▶ **DATA RECORDS**
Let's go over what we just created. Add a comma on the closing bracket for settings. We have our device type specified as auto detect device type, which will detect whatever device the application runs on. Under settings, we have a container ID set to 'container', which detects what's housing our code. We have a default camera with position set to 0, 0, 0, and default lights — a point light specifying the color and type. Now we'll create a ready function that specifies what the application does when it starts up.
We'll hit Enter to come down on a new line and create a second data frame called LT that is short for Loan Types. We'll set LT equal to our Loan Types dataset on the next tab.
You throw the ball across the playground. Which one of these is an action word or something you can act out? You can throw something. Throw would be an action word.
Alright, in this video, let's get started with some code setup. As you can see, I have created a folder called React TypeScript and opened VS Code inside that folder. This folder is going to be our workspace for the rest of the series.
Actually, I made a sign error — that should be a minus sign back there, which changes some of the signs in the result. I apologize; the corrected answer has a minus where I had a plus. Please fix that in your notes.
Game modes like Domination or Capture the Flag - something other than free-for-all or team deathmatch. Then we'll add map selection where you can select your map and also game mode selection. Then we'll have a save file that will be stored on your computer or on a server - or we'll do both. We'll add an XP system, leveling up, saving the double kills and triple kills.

* * *

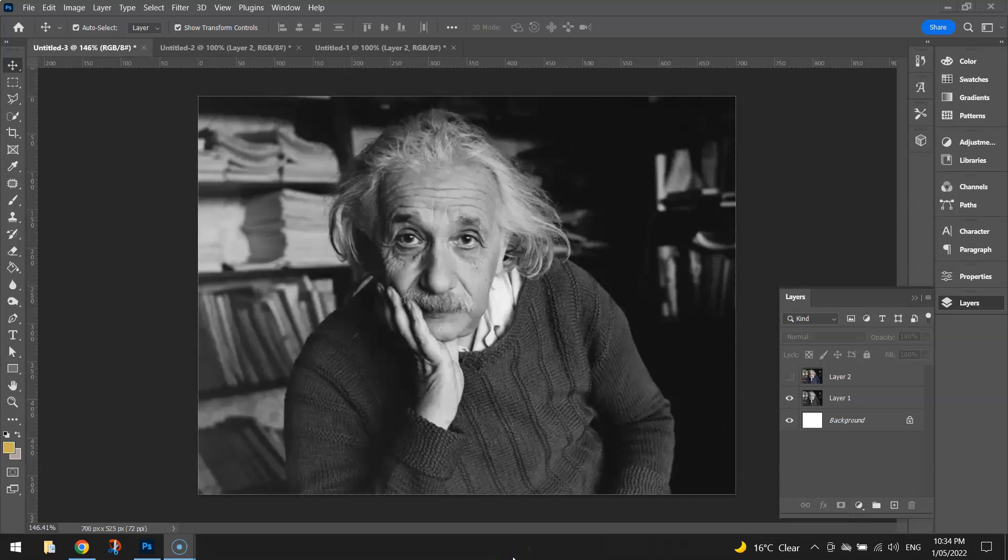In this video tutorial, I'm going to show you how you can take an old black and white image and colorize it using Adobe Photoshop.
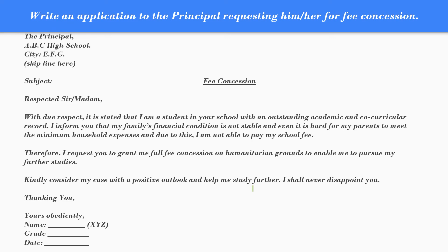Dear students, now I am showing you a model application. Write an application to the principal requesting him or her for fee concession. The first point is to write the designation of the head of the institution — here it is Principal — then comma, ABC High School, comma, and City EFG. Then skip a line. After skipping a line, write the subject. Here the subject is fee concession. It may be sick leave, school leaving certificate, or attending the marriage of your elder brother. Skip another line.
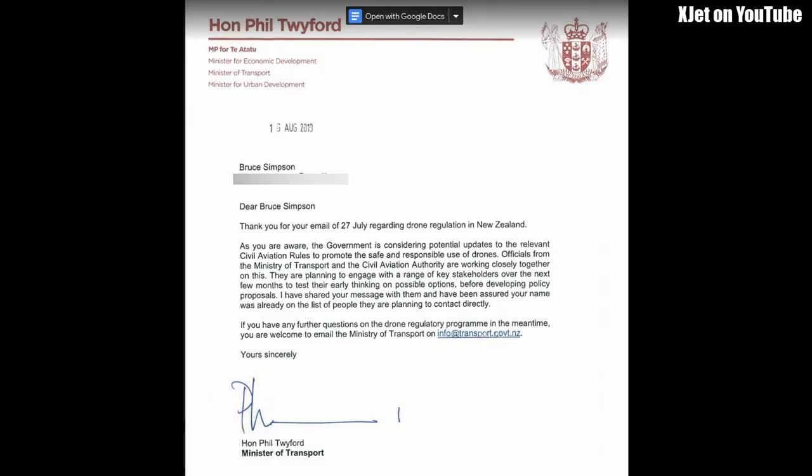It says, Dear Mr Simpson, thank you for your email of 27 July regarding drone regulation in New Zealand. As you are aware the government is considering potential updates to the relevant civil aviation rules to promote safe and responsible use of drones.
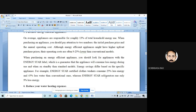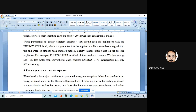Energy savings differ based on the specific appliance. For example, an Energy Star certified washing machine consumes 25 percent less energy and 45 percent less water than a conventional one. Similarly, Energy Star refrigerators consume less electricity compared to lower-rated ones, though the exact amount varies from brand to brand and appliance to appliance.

▶ **REQUIRED ACTION**
Repeat only the stretch of data above that runs from the line with "Dear students, now" to the line with "Energy savings differ". Keep both end lines; exclude pictures.

▶ **RESULT OF THIS EXERCISE**
Dear students, now I am showing you a model application. Write an application to the principal requesting him or her for fee concession. The first point is to write the designation of the head of the institution — here it is Principal — then comma, ABC High School, comma, and City EFG. Then skip a line. After skipping a line, write the subject. Here the subject is fee concession. It may be sick leave, school leaving certificate, or attending the marriage of your elder brother. Skip another line.
It says, Dear Mr Simpson, thank you for your email of 27 July regarding drone regulation in New Zealand. As you are aware the government is considering potential updates to the relevant civil aviation rules to promote safe and responsible use of drones.
Energy savings differ based on the specific appliance. For example, an Energy Star certified washing machine consumes 25 percent less energy and 45 percent less water than a conventional one. Similarly, Energy Star refrigerators consume less electricity compared to lower-rated ones, though the exact amount varies from brand to brand and appliance to appliance.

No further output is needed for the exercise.